__EXERCISE BRIEF__.
After locating the line with "1990 Ford Bronco" in the records below, print it and every line after it exactly.

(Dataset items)
__________________________________________________

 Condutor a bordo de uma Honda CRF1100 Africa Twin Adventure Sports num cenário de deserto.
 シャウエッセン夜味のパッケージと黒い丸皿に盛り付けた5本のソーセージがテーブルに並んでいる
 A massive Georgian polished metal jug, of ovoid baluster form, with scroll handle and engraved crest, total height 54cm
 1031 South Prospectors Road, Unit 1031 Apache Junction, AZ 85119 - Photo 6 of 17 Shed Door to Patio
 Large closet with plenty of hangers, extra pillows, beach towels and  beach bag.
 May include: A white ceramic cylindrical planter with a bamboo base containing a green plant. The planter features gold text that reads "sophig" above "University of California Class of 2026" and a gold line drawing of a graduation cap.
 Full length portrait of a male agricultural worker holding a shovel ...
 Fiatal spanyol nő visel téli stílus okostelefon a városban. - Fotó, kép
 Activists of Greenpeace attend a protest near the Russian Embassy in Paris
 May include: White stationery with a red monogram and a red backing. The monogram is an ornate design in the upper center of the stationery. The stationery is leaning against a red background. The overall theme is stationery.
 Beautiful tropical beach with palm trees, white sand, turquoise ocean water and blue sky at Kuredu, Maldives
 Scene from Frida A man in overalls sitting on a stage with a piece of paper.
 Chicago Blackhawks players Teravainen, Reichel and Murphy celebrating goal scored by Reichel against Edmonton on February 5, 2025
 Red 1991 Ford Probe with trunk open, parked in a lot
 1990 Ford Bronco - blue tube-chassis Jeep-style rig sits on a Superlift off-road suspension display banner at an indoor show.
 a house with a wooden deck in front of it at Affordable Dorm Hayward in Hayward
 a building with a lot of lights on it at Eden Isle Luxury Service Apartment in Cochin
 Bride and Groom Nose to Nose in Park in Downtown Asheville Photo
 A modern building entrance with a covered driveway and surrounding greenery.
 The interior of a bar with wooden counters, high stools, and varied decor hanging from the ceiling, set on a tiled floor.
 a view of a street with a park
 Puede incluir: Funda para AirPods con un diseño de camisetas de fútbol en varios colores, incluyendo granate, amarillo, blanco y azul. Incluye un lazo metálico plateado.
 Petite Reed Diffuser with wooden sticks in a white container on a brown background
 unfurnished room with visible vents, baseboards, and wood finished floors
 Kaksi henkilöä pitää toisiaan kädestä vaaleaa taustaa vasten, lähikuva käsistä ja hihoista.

__________________________________________________

__RESULT BELOW__.
 1990 Ford Bronco - blue tube-chassis Jeep-style rig sits on a Superlift off-road suspension display banner at an indoor show.
 a house with a wooden deck in front of it at Affordable Dorm Hayward in Hayward
 a building with a lot of lights on it at Eden Isle Luxury Service Apartment in Cochin
 Bride and Groom Nose to Nose in Park in Downtown Asheville Photo
 A modern building entrance with a covered driveway and surrounding greenery.
 The interior of a bar with wooden counters, high stools, and varied decor hanging from the ceiling, set on a tiled floor.
 a view of a street with a park
 Puede incluir: Funda para AirPods con un diseño de camisetas de fútbol en varios colores, incluyendo granate, amarillo, blanco y azul. Incluye un lazo metálico plateado.
 Petite Reed Diffuser with wooden sticks in a white container on a brown background
 unfurnished room with visible vents, baseboards, and wood finished floors
 Kaksi henkilöä pitää toisiaan kädestä vaaleaa taustaa vasten, lähikuva käsistä ja hihoista.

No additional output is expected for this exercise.